При этом буддизм, как известно, никогда не предполагал сколько-нибудь детальной регламентации жизни мирян, целиком сосредоточившись на соблюдении правил монастырской жизни. Как отмечает российский буддолог А. Агаджанян, рассуждая о мирской этике буддизма, «чрезвычайная регламентация монастырского общежития и культа всегда резко контрастировала с рыхлостью и мягкостью правил мирского обустройства»[238]. В этом состоит особенность буддизма как религии, резко контрастирующая с легализмом ислама или иудаизма. Именно общая и абстрактная этическая программа, опирающаяся на философские положения о кармическом воздаянии и непостоянстве феноменов бытия, фактически вводит обращенных в лоно «буддийской цивилизации». Следствием этого, по утверждению самих буддистов, является нравственное оздоровление людей. Законопослушность полагается если не эксклюзивной, то, по крайней мере, характерной чертой буддистского населения, результатом усвоения верующими идей универсальной кармической причинно-следственной взаимозависимости:

…очевидно, что среди инородцев появилось множество преступников, нарушающих государственные законы, сидящих в тюрьмах и высланных на поселения. Среди нас же, бурят, заключенных в тюрьмы и ссыльных очень мало. Отсутствие таких людей [среди бурят] и, как следствие, незначительное число преступников – очевидно. То, что [среди нас] очень мало распущенных людей, вредящих себе и окружающим, – исключительно результат заветов родителей и старейшин о необходимости воздерживаться от дурного и творить добродетель, освященных завещанной нам предками драгоценной религией, и традиция следования этим заветам.

Если усердствовать во внимании этим поучениям, в донесении их до младых сердец и в следовании им, то в этой жизни не останется места для дурного, не обретется позорного имени, но зазвучит по всему свету благозвучное имя спокойного и честного народа, утвердится высокий фундамент веры в высоких святых и даже в будущем, безусловно, будут найдены благоприятные рождения, исполненные счастья и блаженства[239].

В отличие от буддистов Цинской империи, которая сформировалась посредством политического альянса с буддийской идеологией и поставила в свое основание идею о патронаже этой религии, буддийские проповедники, проникшие в Забайкалье, попали на территории, в которых буддизм еще не был в достаточной мере укоренен, население следовало шаманистским культам, а власть, контролировавшая эти территории, была иноконфессиональной. Если проблема противостояния буддизма с добуддийскими культами и представлениями в бурятской традиционной историографии сформулирована достаточно четко и однозначно, то вопрос о православии принято было обходить корректным молчанием. Христианство, воспринимавшееся как «государево дело», стало своего рода табуированной темой во всех бурятских летописях, но в описаниях распространения буддизма на территории империи иногда можно встретить подобные пассажи: «…многие столичные чиновники, исповедовавшие религию, противоречащую Учению Царя Шакьев (буддизму. – Н.Ц.), не желали распространения нашей веры»[240].

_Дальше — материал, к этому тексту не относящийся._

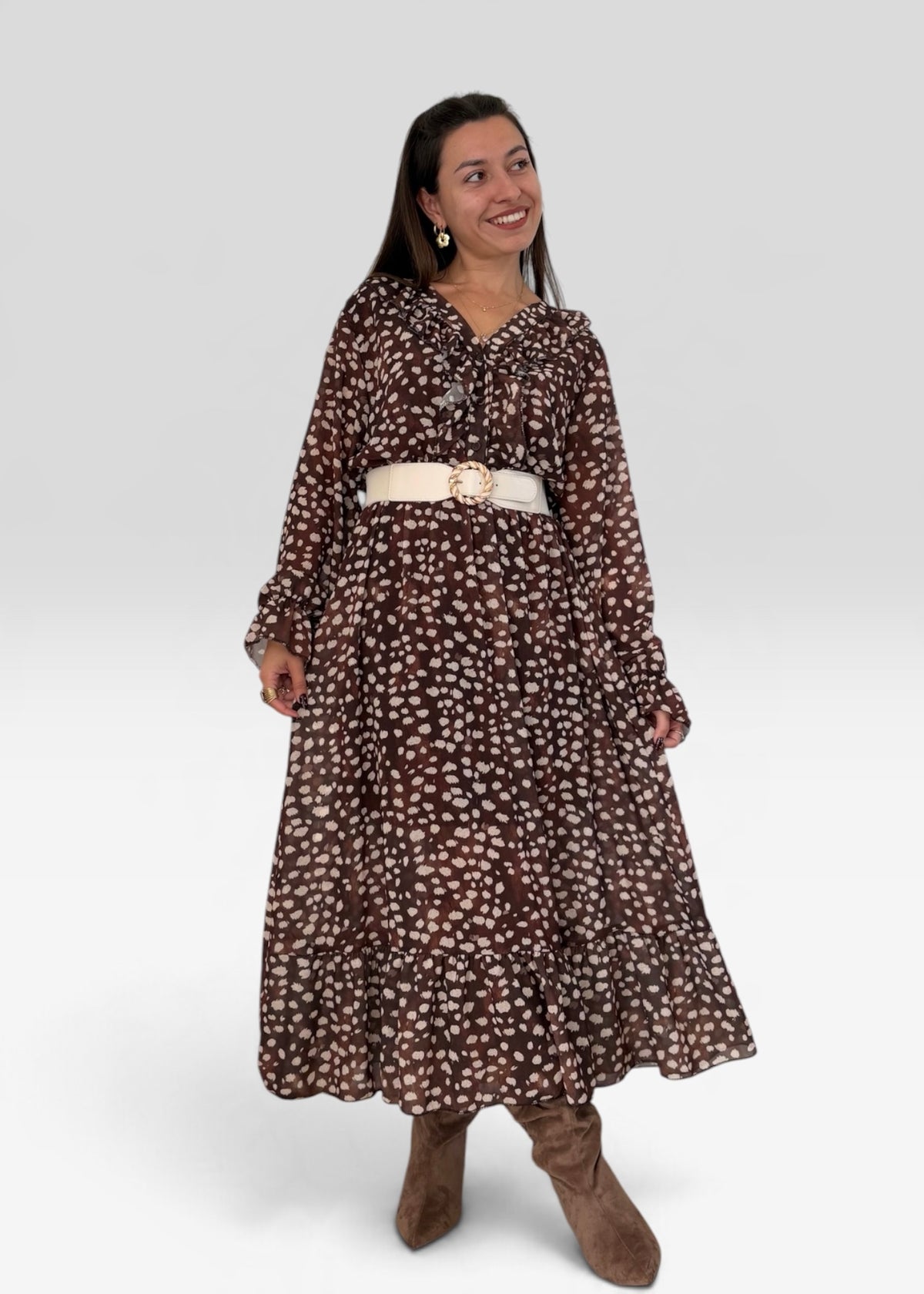 Robe Bambi Choco
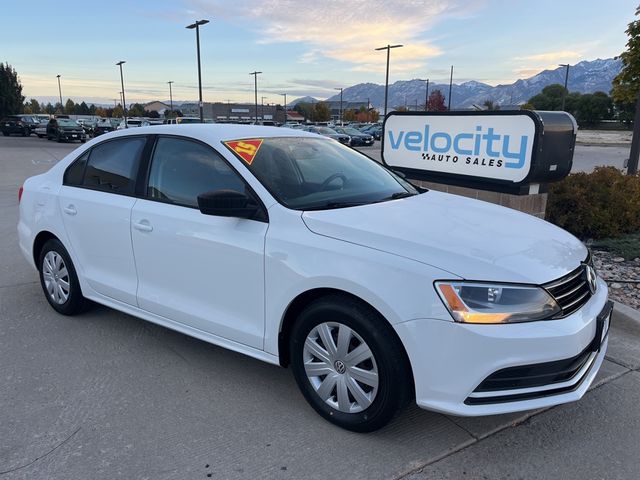 2015 Volkswagen Jetta 1.8T S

Государственная религия империи, в границах которой оказались буряты, воспринимается ими как «противная религии Будды», а высшие власти (император в этой связи, однако, не упоминается) не желают ее распространения, а точнее, закрепления на уже завоеванных территориях.

Теория распространения религии на новых пространствах предполагала задействование стратегии, обозначаемой концептуальным буддийским термином upāya (тиб. thabs mkhas; монг. bilig-tü ary-a) – «искусные методы»[241]. Стратегия предполагала владение, наряду с религиозными знаниями, и политической теорией. Так, в жизнеописании первого Бандидо-Хамбо-ламы Заягийна цитируется некое стихотворное послание одного из высших буддийских иерархов Тибета Панчен-ламы Лобсан-Ешей (1663–1737)[242], написанное им в ответ на вопросы Заягийна о методе распространения дхармы в «окраинных землях»:

Для содействия зарождению уважения со стороны российского императора и его министров к драгоценному Учению Победоносного (буддизму. – Н.Ц.) следует быть искусным в двух традициях [религии и политики], кроме знания религии, необходимо понимать и законы страны. Для того чтобы сделать царя и [его] министров союзниками в распространении Учения Победоносного, следует усердствовать в этом, используя множество методов[243].

Сохранение и продвижение дхармы, по мысли буддийских элит, возможны только при наличии условий для этого со стороны властей. Из вышеприведенного фрагмента мы видим, что меры по преодолению неблагоприятной конъюнктуры начинаются с попыток обращения императора, как это не раз уже происходило в истории экспансии буддизма в Азии. Так, в истории империи Цин принято говорить о том, каким образом использовался буддизм маньчжурскими императорами для легитимации своего верховного положения в глазах монголов и тибетцев, однако столь же справедливым, хотя и не так часто проговариваемым, является утверждение об успешном использовании имперской силы буддистскими элитами для экспансии буддизма во Внутренней Азии. Установка на обращение в буддизм российского императора или объявление буддизма государственной религией России, несмотря на всю ее невероятность, всегда присутствовала на заднем фоне истории взаимоотношений буддийских иерархов с российскими монархами и даже проявлялась в историографической традиции: «Когда наши предки из Халха Монголии признали власть православного русского Белого царя-богатыря и вступили под его покровительство, царь был тому рад и, признав нашу религию, утвердил ее второй религией государства»[244].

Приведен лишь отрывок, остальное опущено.